§ PROBLEM TO WORK ON: Please report every line from the material that contains the word "Read".

§ DATA RECORDS:
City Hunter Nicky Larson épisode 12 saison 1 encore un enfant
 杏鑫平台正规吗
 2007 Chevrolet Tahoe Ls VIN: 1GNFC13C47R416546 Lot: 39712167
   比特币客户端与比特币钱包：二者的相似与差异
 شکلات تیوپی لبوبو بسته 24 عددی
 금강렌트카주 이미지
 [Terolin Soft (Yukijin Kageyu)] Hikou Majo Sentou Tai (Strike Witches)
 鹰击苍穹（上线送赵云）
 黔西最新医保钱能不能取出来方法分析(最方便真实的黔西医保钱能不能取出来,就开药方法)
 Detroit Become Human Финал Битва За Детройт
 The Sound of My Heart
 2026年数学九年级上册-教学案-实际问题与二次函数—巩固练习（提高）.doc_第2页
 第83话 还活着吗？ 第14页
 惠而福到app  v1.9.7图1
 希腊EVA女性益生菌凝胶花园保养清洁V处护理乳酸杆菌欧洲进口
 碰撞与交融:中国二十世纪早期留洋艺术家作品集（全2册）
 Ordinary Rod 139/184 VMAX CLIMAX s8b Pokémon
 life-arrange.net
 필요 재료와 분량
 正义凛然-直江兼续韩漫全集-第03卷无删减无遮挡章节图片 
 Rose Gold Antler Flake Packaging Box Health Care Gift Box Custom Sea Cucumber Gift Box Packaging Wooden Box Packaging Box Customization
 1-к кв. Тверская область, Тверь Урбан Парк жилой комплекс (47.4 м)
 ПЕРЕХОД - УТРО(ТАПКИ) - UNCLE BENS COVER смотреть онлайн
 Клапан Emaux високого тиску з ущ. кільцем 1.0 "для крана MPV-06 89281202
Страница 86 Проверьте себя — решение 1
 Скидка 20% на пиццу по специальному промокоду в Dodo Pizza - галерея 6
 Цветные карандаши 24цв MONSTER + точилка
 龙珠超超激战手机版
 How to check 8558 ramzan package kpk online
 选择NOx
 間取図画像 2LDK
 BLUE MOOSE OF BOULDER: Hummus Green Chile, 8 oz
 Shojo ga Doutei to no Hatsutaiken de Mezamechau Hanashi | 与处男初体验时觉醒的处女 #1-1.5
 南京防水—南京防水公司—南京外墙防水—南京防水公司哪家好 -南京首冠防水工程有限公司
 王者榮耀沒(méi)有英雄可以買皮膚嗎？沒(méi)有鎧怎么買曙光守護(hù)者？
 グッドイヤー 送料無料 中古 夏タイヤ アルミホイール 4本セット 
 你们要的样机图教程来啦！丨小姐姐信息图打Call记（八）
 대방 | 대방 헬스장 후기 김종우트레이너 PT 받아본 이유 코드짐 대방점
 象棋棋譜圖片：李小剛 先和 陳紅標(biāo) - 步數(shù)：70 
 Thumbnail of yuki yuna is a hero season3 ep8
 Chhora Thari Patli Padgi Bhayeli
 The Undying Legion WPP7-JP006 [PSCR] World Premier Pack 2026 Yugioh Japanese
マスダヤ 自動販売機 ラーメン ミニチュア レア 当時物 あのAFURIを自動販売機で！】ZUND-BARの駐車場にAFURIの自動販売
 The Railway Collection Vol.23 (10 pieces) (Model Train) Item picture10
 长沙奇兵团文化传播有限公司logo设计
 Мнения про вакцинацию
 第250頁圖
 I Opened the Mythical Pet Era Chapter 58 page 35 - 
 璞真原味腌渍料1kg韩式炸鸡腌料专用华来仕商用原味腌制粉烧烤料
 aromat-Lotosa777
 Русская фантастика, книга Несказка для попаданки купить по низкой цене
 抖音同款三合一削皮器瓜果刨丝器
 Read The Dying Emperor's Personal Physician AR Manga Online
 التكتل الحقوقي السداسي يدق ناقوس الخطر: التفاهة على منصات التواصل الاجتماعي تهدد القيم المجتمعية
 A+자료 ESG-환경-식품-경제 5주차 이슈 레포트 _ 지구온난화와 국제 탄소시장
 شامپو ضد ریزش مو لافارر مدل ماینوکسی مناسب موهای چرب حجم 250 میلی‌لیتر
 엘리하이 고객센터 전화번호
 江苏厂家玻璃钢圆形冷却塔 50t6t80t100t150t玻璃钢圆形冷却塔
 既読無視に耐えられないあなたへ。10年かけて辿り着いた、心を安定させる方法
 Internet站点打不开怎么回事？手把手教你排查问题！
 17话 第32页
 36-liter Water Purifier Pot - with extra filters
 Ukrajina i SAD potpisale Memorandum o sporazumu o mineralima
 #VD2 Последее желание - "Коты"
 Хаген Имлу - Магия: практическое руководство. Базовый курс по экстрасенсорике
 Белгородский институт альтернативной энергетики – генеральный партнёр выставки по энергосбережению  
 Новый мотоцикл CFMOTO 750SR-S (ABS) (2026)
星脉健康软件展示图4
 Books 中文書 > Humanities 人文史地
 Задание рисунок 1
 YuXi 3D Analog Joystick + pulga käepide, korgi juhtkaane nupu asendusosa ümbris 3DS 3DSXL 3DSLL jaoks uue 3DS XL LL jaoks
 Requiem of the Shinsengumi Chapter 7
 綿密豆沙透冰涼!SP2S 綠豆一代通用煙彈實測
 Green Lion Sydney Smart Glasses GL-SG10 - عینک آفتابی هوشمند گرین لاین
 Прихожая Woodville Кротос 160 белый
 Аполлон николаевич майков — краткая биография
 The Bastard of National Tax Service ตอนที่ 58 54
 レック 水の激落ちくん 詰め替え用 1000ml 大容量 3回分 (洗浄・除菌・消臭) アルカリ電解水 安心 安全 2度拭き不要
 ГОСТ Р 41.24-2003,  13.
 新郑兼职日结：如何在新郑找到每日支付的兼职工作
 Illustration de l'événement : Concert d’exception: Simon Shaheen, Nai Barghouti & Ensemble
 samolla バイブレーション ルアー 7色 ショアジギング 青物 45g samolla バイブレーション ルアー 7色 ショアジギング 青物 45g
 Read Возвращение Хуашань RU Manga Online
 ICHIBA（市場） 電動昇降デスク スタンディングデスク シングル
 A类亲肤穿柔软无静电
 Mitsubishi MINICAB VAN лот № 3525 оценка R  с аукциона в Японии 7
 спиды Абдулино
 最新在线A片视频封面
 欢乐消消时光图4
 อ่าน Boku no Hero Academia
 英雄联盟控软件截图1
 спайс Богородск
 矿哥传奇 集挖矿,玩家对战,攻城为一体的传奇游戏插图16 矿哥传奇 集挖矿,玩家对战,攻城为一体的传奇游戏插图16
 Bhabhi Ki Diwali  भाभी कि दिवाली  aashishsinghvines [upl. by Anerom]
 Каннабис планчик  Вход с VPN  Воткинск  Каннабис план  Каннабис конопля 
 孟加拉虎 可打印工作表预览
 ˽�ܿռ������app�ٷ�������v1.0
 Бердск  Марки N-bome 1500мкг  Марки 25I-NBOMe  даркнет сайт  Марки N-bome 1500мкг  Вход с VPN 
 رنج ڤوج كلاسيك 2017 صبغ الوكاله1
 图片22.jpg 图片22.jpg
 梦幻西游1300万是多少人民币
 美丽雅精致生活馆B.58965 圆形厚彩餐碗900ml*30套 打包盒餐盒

§ EXPECTED ANSWER:
 Read The Dying Emperor's Personal Physician AR Manga Online
 Read Возвращение Хуашань RU Manga Online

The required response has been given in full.